娘の運転歴はけっこう長い。
すぐには思い出せないが、ハラハラ、ドキドキ、ゲラゲラの話はいっぱいある。
私の知らない武勇伝もいくつかあったようで、今日教室で披露した。
教室から爆笑が聞こえた時、お茶の用意をしていた。
免許取りたての頃のこと。
細い道を通っていて、小さな溝に脱輪した。
周りは工場があるだけの寂しい場所で、人っ子1人通っていない。
娘は力自慢であった。
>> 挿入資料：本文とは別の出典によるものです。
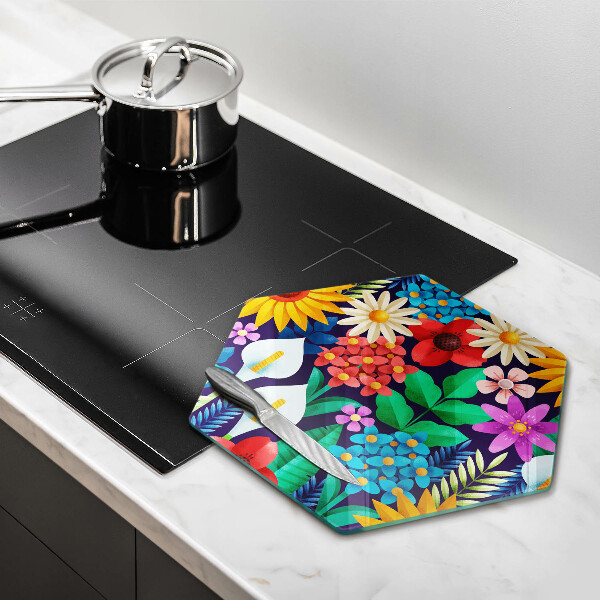 Tabla de cortar de vidrio Ilustración de prado de flores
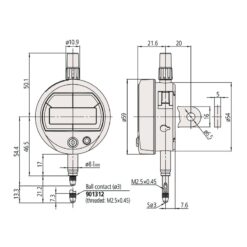 Đồng hồ so điện tử ID-SS, ANSI/AGD Inch/Metric, 0,5", 0,00005", Flat Back Mitutoyo 543-502B 5 dong ho so dien tu digital indicator id s ansi agd ip53 inch metric 0 5 0 00005 lug back 543 796 1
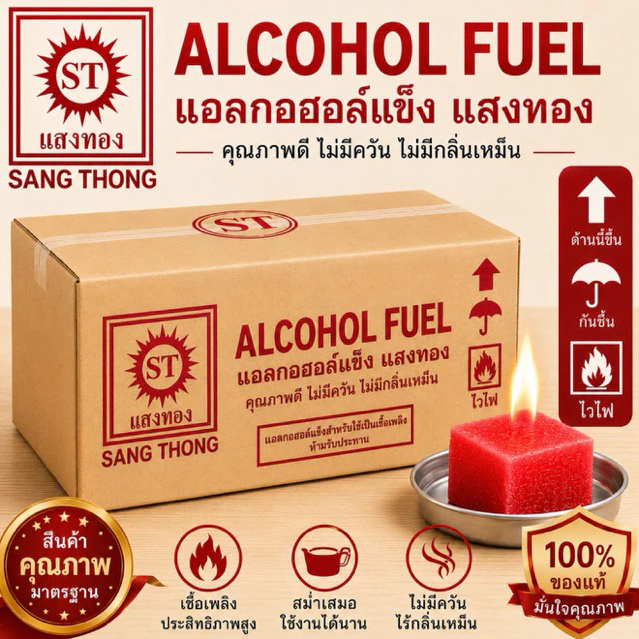 📦ขายยกลัง ST แอลกอฮอล์ก้อนจุดไฟ 500ก้อน/10ถุง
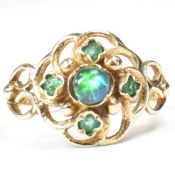 HALLMARKED 9CT GOLD & AMMOLITE DOUBLET & EMERALD RING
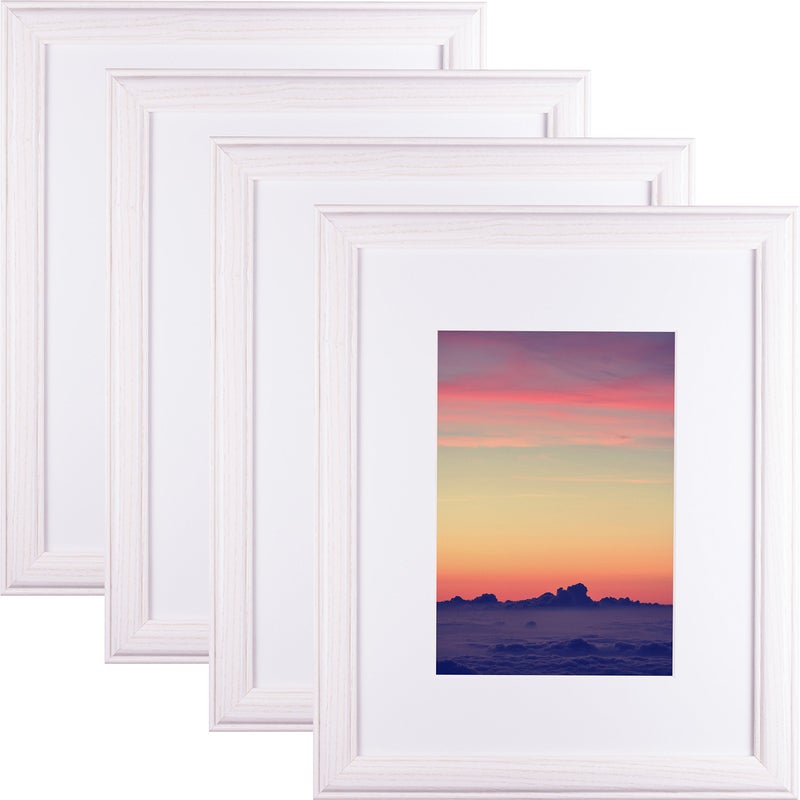 Craig Frames Wiltshire 236 Picture Frame, Displays a 6 x 9 Inch Print with The Mat or 8.5 x 11 Inch Without The Mat, White, Set of 4 - Image 1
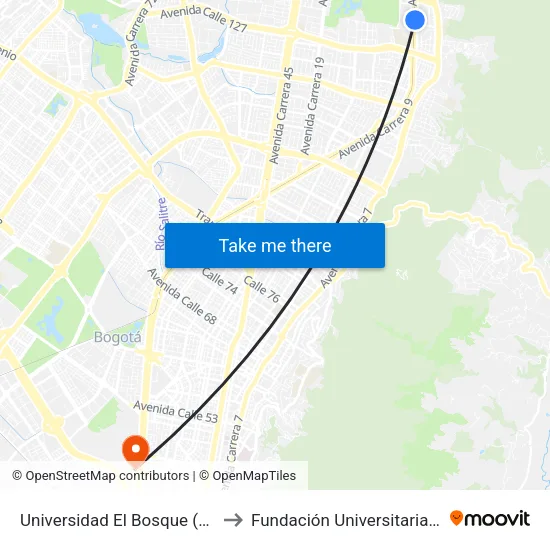Universidad El Bosque (Ak 9 - Cl 129) to Fundación Universitaria Empresarial map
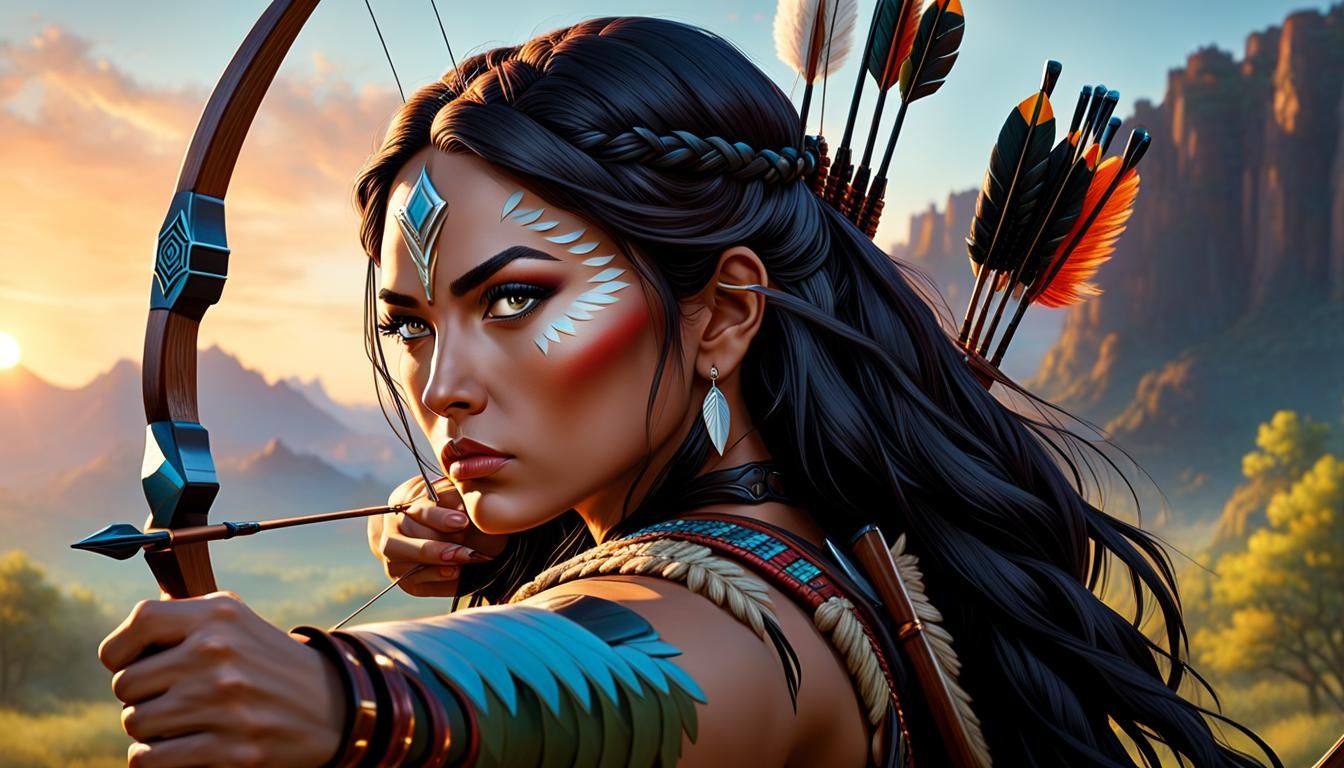 Native American Archer at Magic Hour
この頃の娘を「アトムのいとこ」と言っていたのを思い出す。
頼る人がいないと判断した彼女は、エイヤッと車体を持ち上げた。
側溝から出すと、ウーンショと車を押した。
動き出した車に飛び乗って、たぶんニンマリ笑っただろう。
映画のワンシーンである。
ウソのような話であるが、ホントのことだ。
その頃の軽自動車は軽量だったのかもしれない。
友人から1万円で譲り受けたこのアルトに乗って、アルバイトにも通っていた。
アルバイト先のオニイサン達がポンコツ車を面白がって、塗り替えてやろう、となった時、「ピンクがいい」と言ったらしい。
ピンクの軽自動車はその後けっこう長い間、八尾の街のあちこちに出没していたようだが、私は乗せてもらった記憶が薄い。
この時代の娘の運転能力を信じていなかったのかもしれない。